> **Provided records**
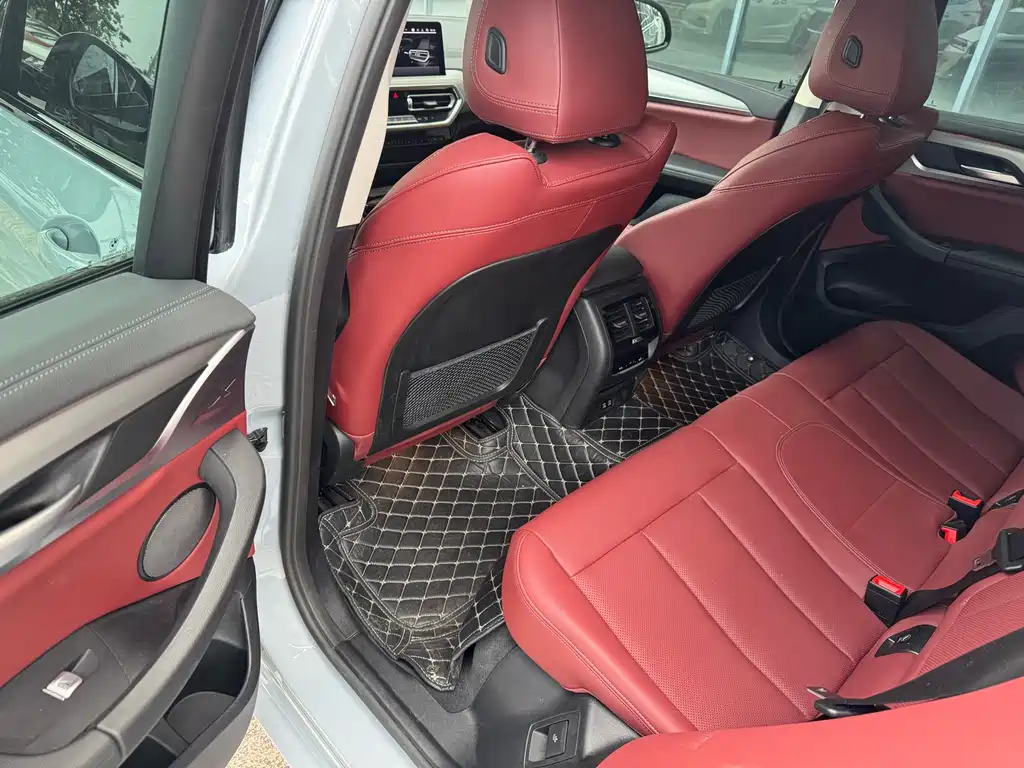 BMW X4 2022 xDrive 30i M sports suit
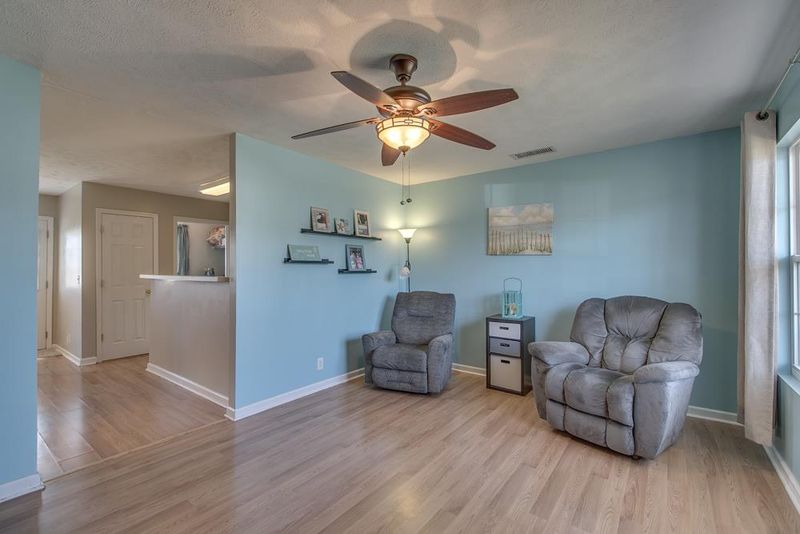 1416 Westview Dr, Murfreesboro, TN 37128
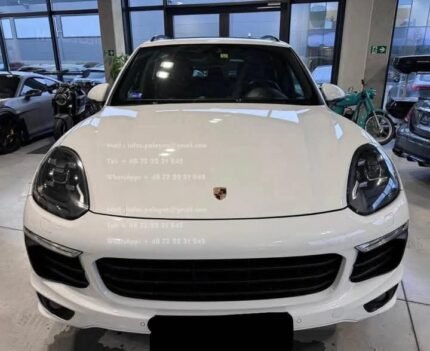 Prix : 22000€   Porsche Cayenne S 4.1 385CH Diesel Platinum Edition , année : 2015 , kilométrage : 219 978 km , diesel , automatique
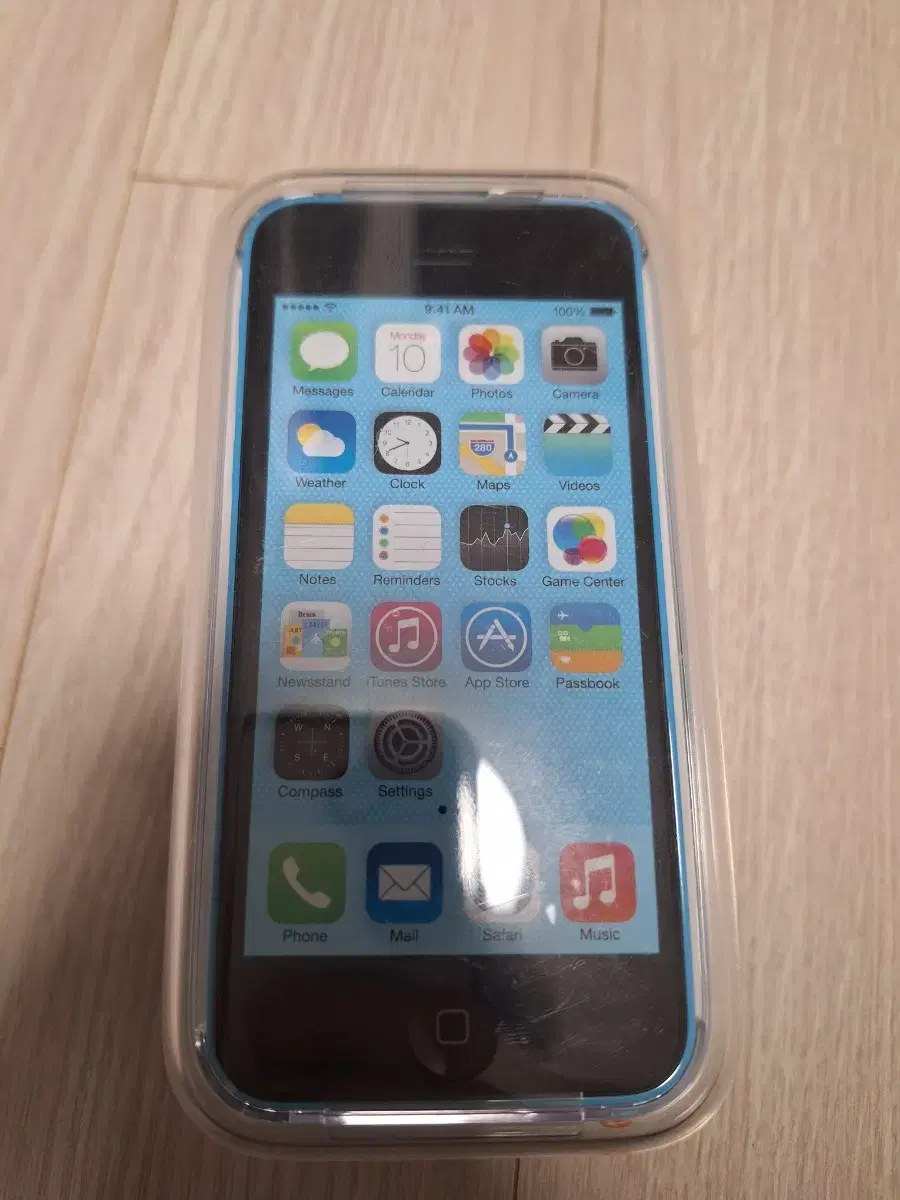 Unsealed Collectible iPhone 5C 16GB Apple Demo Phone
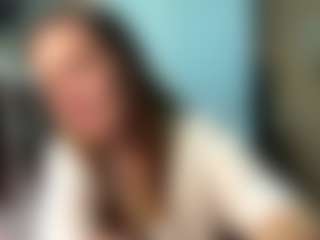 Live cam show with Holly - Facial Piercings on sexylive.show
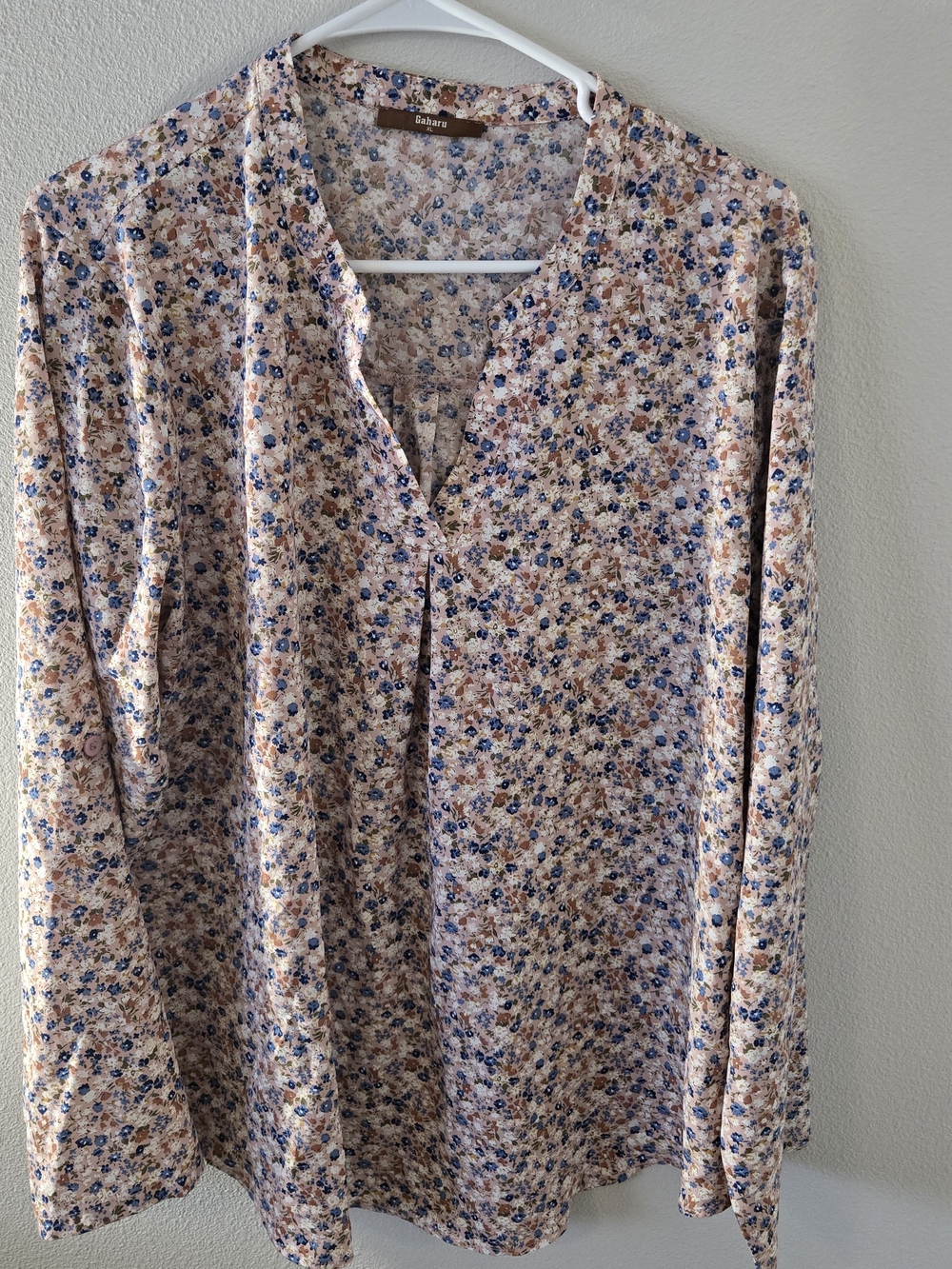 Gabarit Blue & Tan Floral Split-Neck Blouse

> **Work to be completed**
Skip the pictures. Restate exactly the lines from the start of the entries through the line containing "diesel , automatique", both ends included.

> **Response area**
 BMW X4 2022 xDrive 30i M sports suit
 1416 Westview Dr, Murfreesboro, TN 37128
 Prix : 22000€   Porsche Cayenne S 4.1 385CH Diesel Platinum Edition , année : 2015 , kilométrage : 219 978 km , diesel , automatique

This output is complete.